## Batched model tutorial
In this tutorial we demonstrate that for problems where more than one output is involved (constraints and objectives)
and
you are ok using only perfect samples (no NaNs in any output), a significant speedup can be achieved by using a
batched model. On GPU, this can get you 2-3x speedup.

In [None]:
import numpy as np
import time
from xopt.generators.bayesian.models.standard import BatchedModelConstructor, StandardModelConstructor
from xopt.evaluator import Evaluator
from xopt.generators.bayesian import ExpectedImprovementGenerator
from xopt.numerical_optimizer import LBFGSOptimizer
from xopt.resources.test_functions.rosenbrock import evaluate_rosenbrock
from xopt import Xopt
import matplotlib.pyplot as plt
import pandas as pd
import torch
import threadpoolctl

torch.set_num_threads(1)
threadpoolctl.threadpool_limits(limits=1, user_api="blas")
threadpoolctl.threadpool_limits(limits=1, user_api="openmp")

vocs = {
    "variables": {f"x{i}": [-3,3] for i in range(16)},
    "objectives": {"y": "MINIMIZE"},
    "constraints": {"c1": ["GREATER_THAN", 0.1],
                    "c2": ["LESS_THAN", 3],
                    #"c3": ["GREATER_THAN", 0]
                    },
}

def eval_f(input_dict):
    return {"y": np.sum(np.array([input_dict[f"x{i}"]**2 for i in range(16)])) + np.random.randn()*0.01,
            #"y": evaluate_rosenbrock(input_dict)['y'],
            "y2": input_dict["x0"] + input_dict["x1"],
            "c1": input_dict["x2"] + input_dict["x3"],
            "c2": input_dict["x4"] + input_dict["x5"]
            }

In [None]:
USE_CUDA = True
evaluator = Evaluator(function=eval_f)
generator = ExpectedImprovementGenerator(vocs=vocs,
                                         gp_constructor=StandardModelConstructor(train_method='adam'),
                                         numerical_optimizer=LBFGSOptimizer(n_restarts=5),
                                         use_cuda=USE_CUDA)
X = Xopt(evaluator=evaluator, generator=generator, vocs=vocs)
generator_batched = ExpectedImprovementGenerator(vocs=vocs,
                                                 gp_constructor=BatchedModelConstructor(train_method='adam'),
                                                 numerical_optimizer=LBFGSOptimizer(n_restarts=5),
                                                 use_cuda=USE_CUDA,
                                                 )
X2 = Xopt(evaluator=evaluator, generator=generator_batched, vocs=vocs)

In [None]:
X.random_evaluate(20);
X2.random_evaluate(20);

## Run the optimization
We run the optimizers side by side to compare speed. In the interest of saving time, we skip 10 points by
 sampling randomly between optimization steps.

In [None]:
history = []
for i in range(50):
    torch.cuda.empty_cache()
    X.random_evaluate(10)

    # sync data
    X2.data = X.data.copy()
    X2.generator.data = X.generator.data.copy()

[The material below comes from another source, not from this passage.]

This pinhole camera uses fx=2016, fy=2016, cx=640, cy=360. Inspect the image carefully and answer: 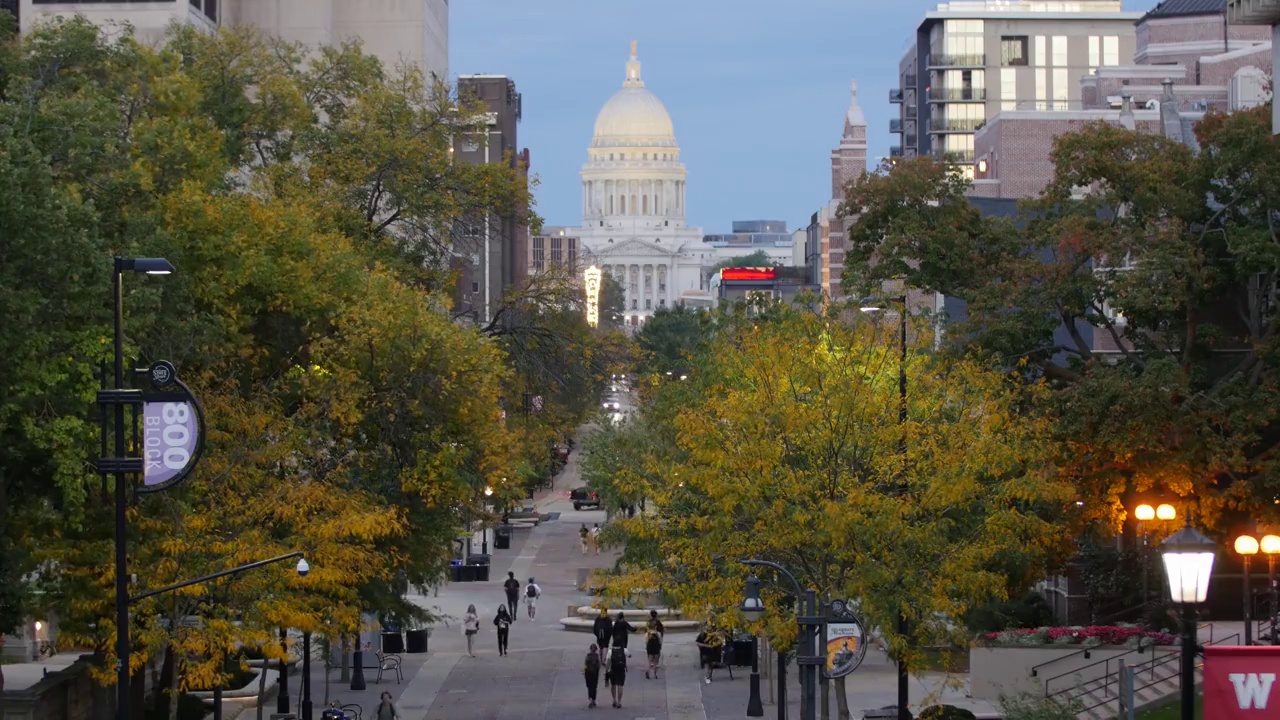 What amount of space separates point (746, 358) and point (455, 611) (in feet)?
82.2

    t1 = time.perf_counter()
    #X.generator.train_model()
    X.step()
    t2 = time.perf_counter()
    X2.step()
    #X2.generator.train_model()
    t3 = time.perf_counter()
    if i % 10 == 0:
        print(f"Step {i}")
    history.append({'n':len(X.data),
                    'Standard training':X.generator.computation_time['training'].to_numpy()[-1],#t2-t1,
                    'Standard acquisition':X.generator.computation_time['acquisition_optimization'].to_numpy()[-1],
                    'Batched training':X2.generator.computation_time['training'].to_numpy()[-1],#t3-t2
                    'Batched acquisition':X2.generator.computation_time['acquisition_optimization'].to_numpy()[-1],
                    })

## Plot performance
Let's plot the timings.

In [None]:
history_df = pd.DataFrame(history)
fig, ax = plt.subplots(1, 1)
ax.plot(history_df['n'], history_df['Standard training'], label='Standard training')
ax.plot(history_df['n'], history_df['Batched training'], label='Batched training')
ax.set_ylabel('Time (s)')
ax.set_xlabel('Iteration')
ax.legend()
ax.set_title(f'Vars: {len(vocs["variables"])}, Objs: {len(vocs["objectives"])}, Cons: {len(vocs["constraints"])}, GPU: {generator.use_cuda}')

In [None]:
fig, ax = plt.subplots(1, 1)
ax.plot(history_df['n'], history_df['Standard acquisition'], label='Standard acquisition')
ax.plot(history_df['n'], history_df['Batched acquisition'], label='Batched acquisition')
ax.set_ylabel('Time (s)')
ax.set_xlabel('Iteration')
ax.legend()